■ **Brief**
Leaving out all pictures, copy the lines below exactly, from the line with "Sand Apartament Bel" to the last line, both ends included.

Stored data entries
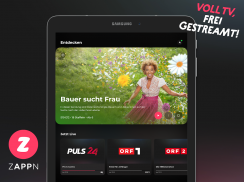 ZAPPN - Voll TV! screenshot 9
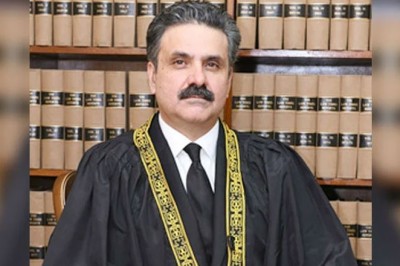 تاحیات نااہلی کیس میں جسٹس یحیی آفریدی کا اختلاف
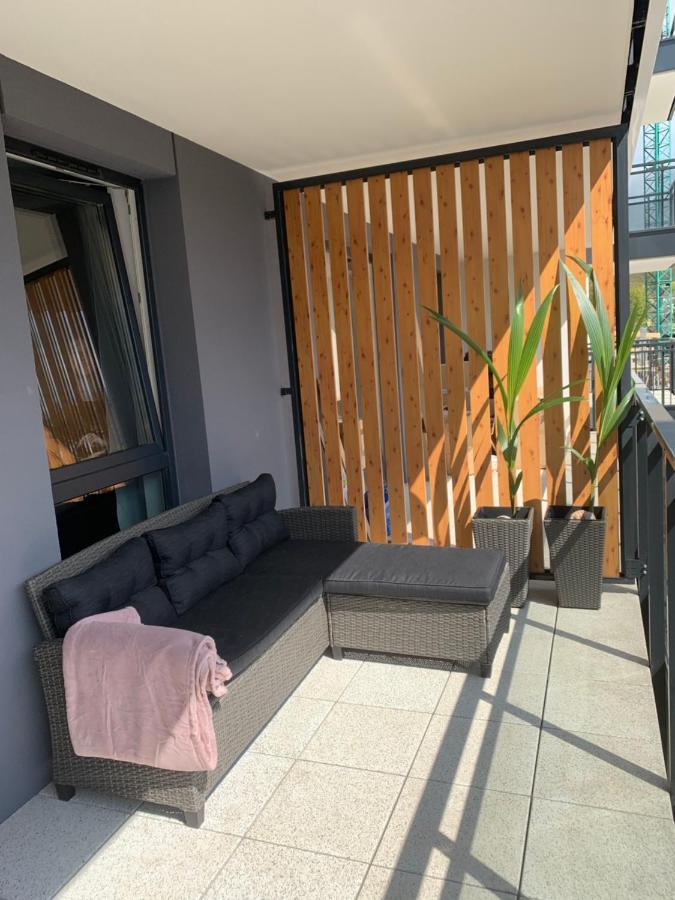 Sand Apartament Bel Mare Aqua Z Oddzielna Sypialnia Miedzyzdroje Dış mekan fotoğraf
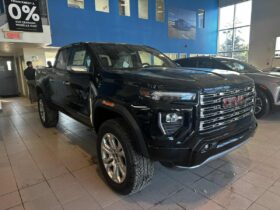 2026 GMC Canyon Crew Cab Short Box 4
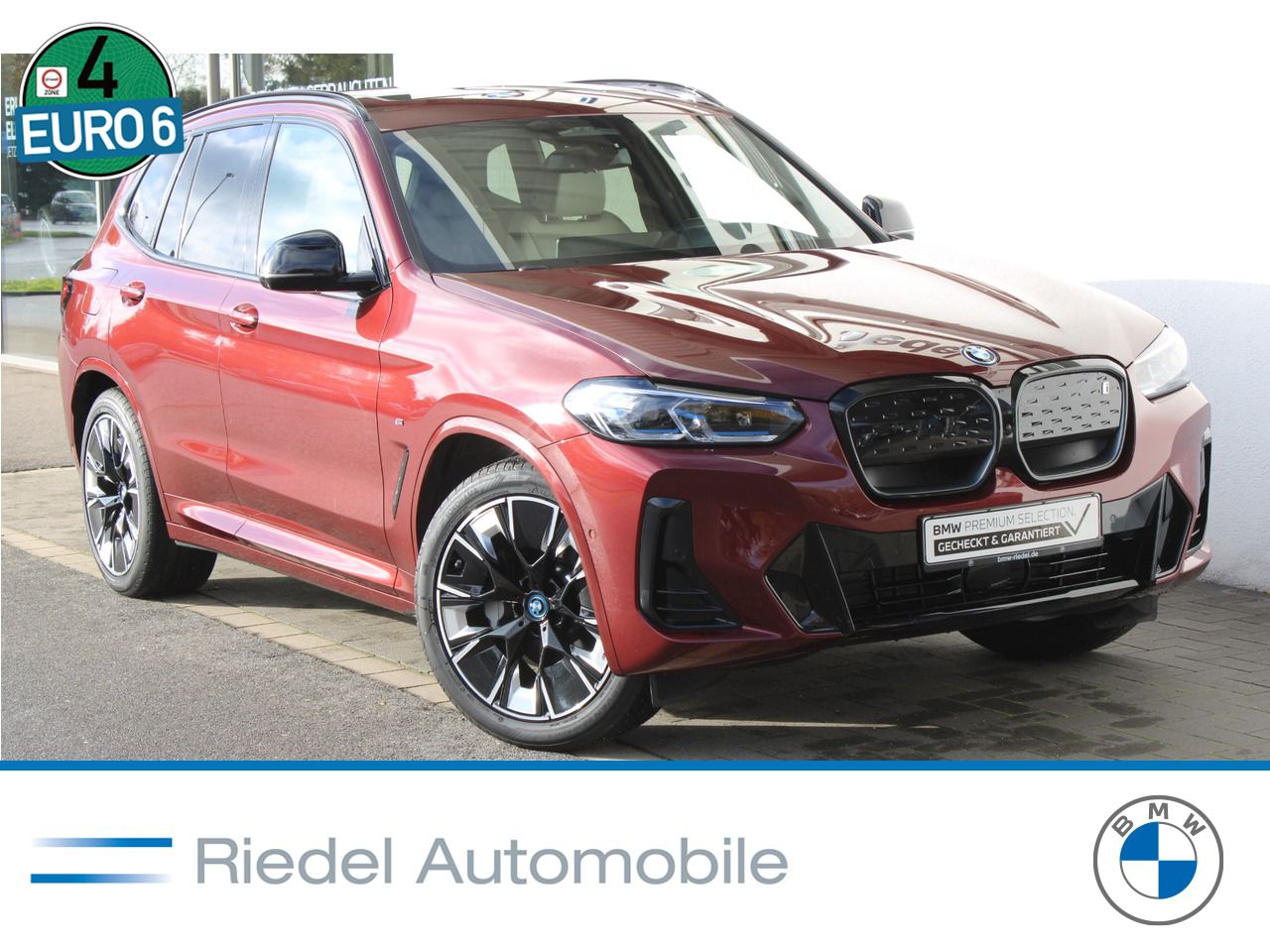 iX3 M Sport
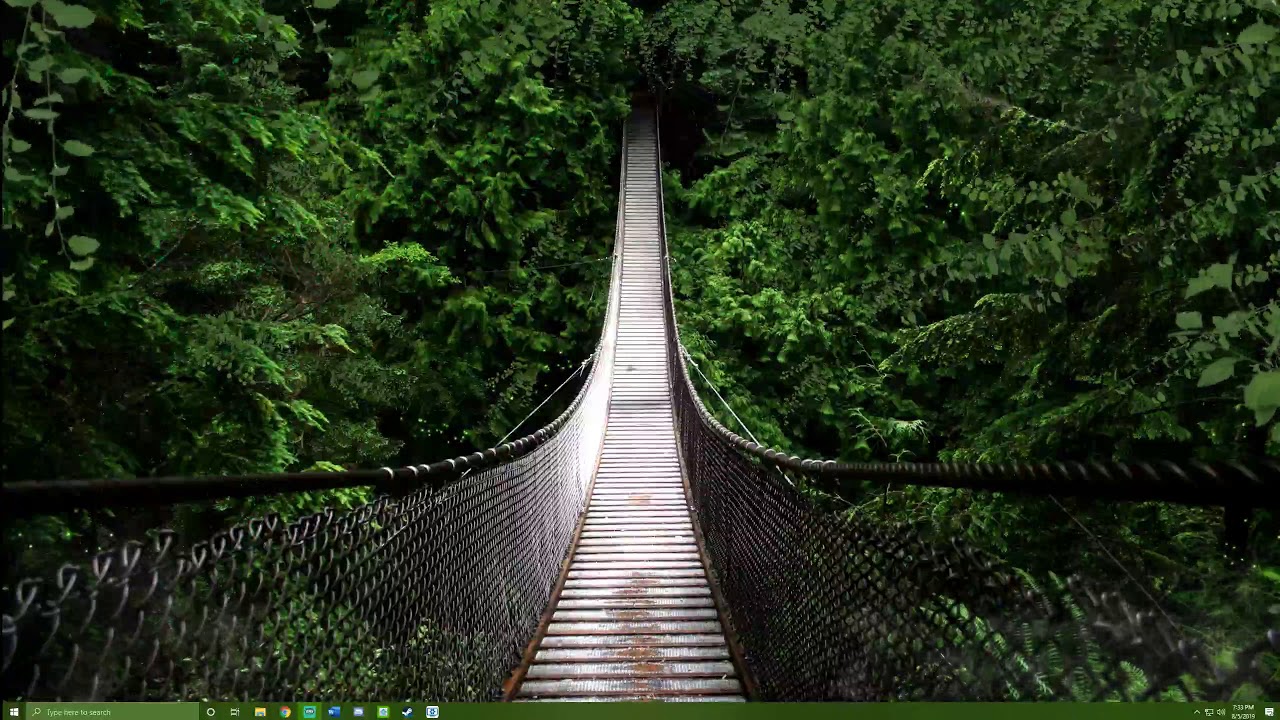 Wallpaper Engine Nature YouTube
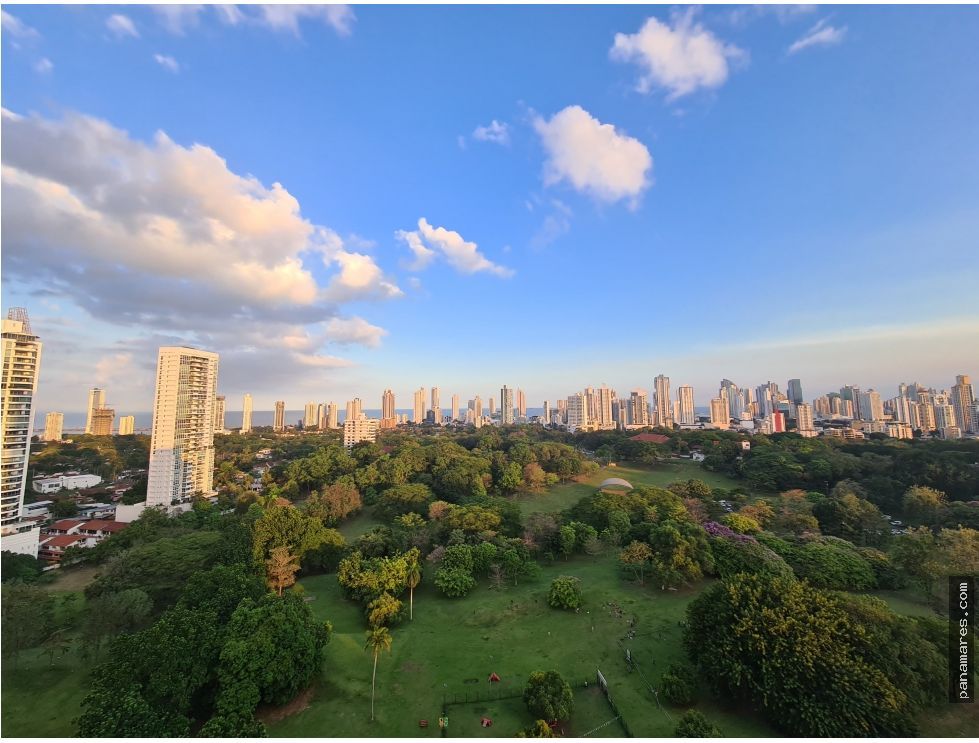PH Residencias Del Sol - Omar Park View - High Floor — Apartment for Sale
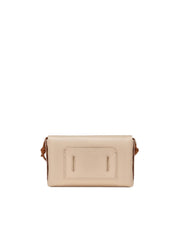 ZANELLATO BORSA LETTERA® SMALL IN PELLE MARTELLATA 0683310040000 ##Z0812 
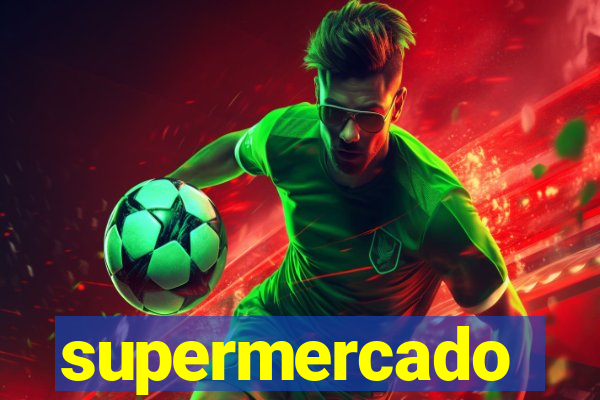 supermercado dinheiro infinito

■ **Response box**
 Sand Apartament Bel Mare Aqua Z Oddzielna Sypialnia Miedzyzdroje Dış mekan fotoğraf
 2026 GMC Canyon Crew Cab Short Box 4
 iX3 M Sport
 Wallpaper Engine Nature YouTube
PH Residencias Del Sol - Omar Park View - High Floor — Apartment for Sale
 ZANELLATO BORSA LETTERA® SMALL IN PELLE MARTELLATA 0683310040000 ##Z0812 
 supermercado dinheiro infinito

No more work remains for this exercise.